Uji ini dapat dilihat pada tabel berikut ini:
Tabel 4.6 Uji Goodness Of Fit
Model Summaryb
Model R R Square Adjusted R Square
Std. Error of the Estimate
1 .836a .787 .739 .83780
a. Predictors: (Constant), NIM, CAR, LDR, BOPO, NPL b. Dependent Variable: ROA
Sumber: Hasil Output SPSS 19
Berdasarkan hasil uji koefisien determinasi pada tabel diatas, maka besarnya nilai adjusted R2 dalam model regresi bank yang go public diperoleh sebesar 0,739. Hal ini menunjukkan bahwa besarnya kemampuan menjelaskan variabel independen yaitu CAR, NPL, LDR, BOPO dan NIM terhadap variabel dependen (ROA) yang dapat diterangkan dari model persamaan ini adalah sebesar 73,9%, sedangkan sisanya dipengaruhi oleh faktor-faktor yang lain yang tidak dimasukkan dalam model regresi.
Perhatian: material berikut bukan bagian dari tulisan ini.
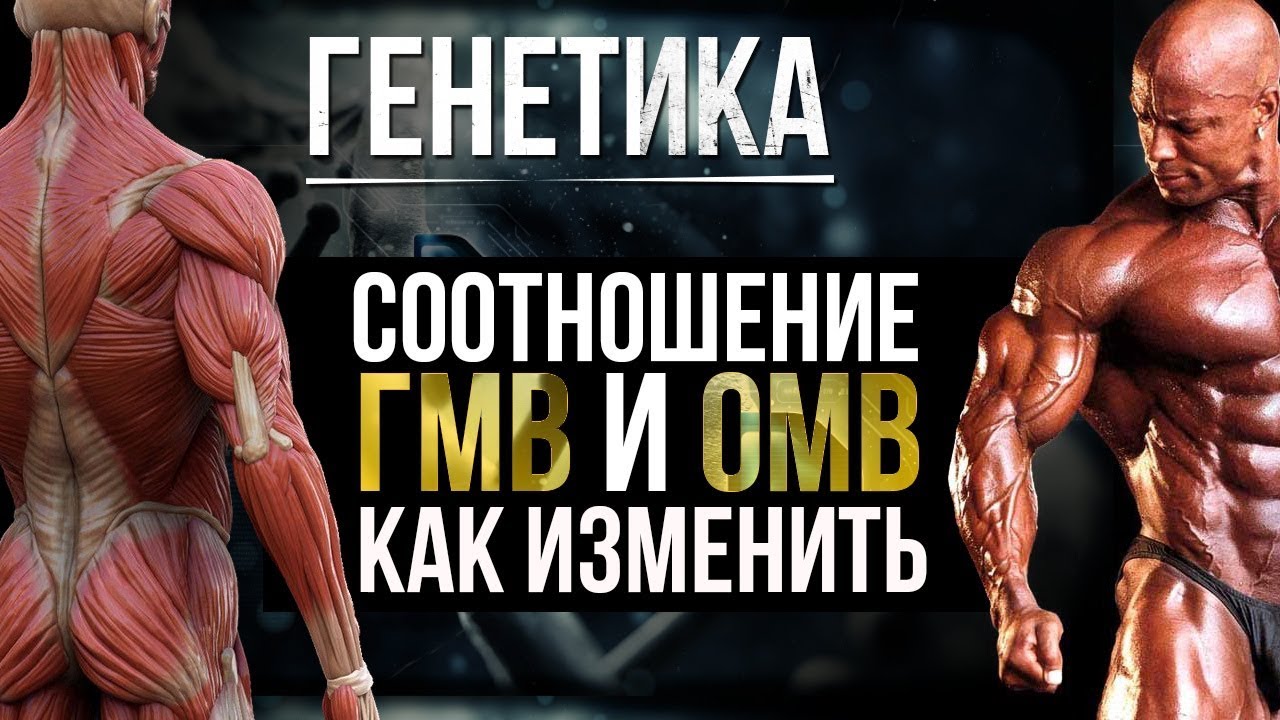 Как превратить гликолитические в окислительные мышечные волокна и наоборот?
Selain itu nilai R2 adalah sebesar 0,787, jika nilai R2 semakin mendekati 1 maka variabel-variabel independen CAR, NPL, LDR, BOPO dan NIM semakin kuat pengaruhnya dalam menjelaskan variabel dependen (ROA).
4.3Pembahasan
Berdasarkan hasil pengujian diatas, maka dapat diketahui bahwa hasil uji F diketahui bahwa kinerja keuangan (ROA) bank dapat dipengaruhi signifikan
secara bersama-sama oleh variabel Capital Adequacy Ratio (CAR), Non Performing Loan (NPL), Loan to Deposit Ratio (LDR), Biaya Operasional dan Pendapatan Operasional (BOPO), dan Net Interest Margin (NIM) dengan nilai 5,952 dengan nilai signifikan sebesar 0,000. Dan nilai adjusted R square diperoleh sebesar 73,9%, sehingga variabel kinerja keuangan (ROA) bank dapat dijelaskan oleh kelima variabel independen dalam penelitian ini. Secara parsial diperoleh hubungan yang signifikan terhadap kinerja keuangan perbankan, hal ini dapat dijelaskan sebagai berikut:
a. Hasil uji regresi menunjukkan adanya pengaruh signifikan yang negatif antara CAR dengan kinerja keuangan (ROA) bank. Hasil penelitian ini menunjukkan bahwa semakin besar CAR maka ROA yang diperoleh bank tersebut akan semakin kecil. Dengan semakin besarnya modal yang ditanamkan oleh para pemegang saham, maka hal ini akan memprediksi bahwa keuntungan yang diperoleh juga akan semakin besar. Hal ini juga dipengaruhi oleh tingkat suku bunga kredit yang diberikan oleh bank kepada nasabah, dimana pemberian suku bunga kredit yang tinggi oleh bank kepada nasabah akan mengurangi minat nasabah untuk menabung di bank tersebut. Oleh sebab itu CAR memiliki pengaruh negatif terhadap kinerja keuangan (ROA) bank. Hasil penelitian ini tidak sesuai dengan penelitian terdahulu yang dilakukan oleh Hesti Werdaningtyas (2002) dan Yuliani (2007) yang menyatakan bahwa CAR berpengaruh positif terhadap ROA.
b. Hasil penelitian ini menunjukkan bahwa NPL berpengaruh negatif terhadap kinerja keuangan (ROA) bank, dengan kata lain semakin tinggi rasio NPL maka hal ini menunjukkan bahwa semakin buruknya kualitas kredit yang menyebabkan jumlah kredit yang bermasalah semakin besar. Dan penelitian ini sesuai dengan penelitian terdahulu yang dilakukan oleh Wisnu Mawardi (2005) yang menyatakan bahwa NPL berpengaruh negatif terhadap kinerja keuangan (ROA) bank.
c. Hasil penelitian ini menunjukkan bahwa LDR tidak berpengaruh terhadap kinerja keuangan (ROA) bank. Penelitian ini tidak sesuai dengan penelitian terdahulu yang dilakukan oleh Yuliani (2007) yang menyatakan bahwa LDR memiliki pengaruh signifikan positif terhadap kinerja keuangan (ROA) bank.
d. Hasil penelitian ini juga menunjukkan bahwa BOPO tidak berpengaruh terhadap kinerja keuangan (ROA) bank. Penelitian ini tidak sesuai dengan penelitian terdahulu yang dilakukan oleh Wisnu Mawardi (2005) dan Yuliani (2007) yang menyatakan bahwa BOPO berpengaruh signifikan negatif terhadap kinerja keuangan (ROA) bank.
e. Didalam penelitian ini menunjukkan bahwa NIM berpengaruh signifikan positif terhadap kinerja keuangan (ROA) bank. Semakin tinggi rasio NIM, maka akan meningkatkan pendapatan bunga atas aktiva produktif yang dikelola oleh bank, sehingga kemungkinan suatu bank dalam kondisi bermasalah akan semakin kecil, maka kinerja keuangan (ROA) bank juga akan mengalami peningkatan. Penelitian ini sesuai dengan penelitian
terdahulu yang dilakukan oleh Wisnu Mawardi (2005) yang menyatakan bahwa NIM berpengaruh positif terhadap kinerja keuangan (ROA) bank.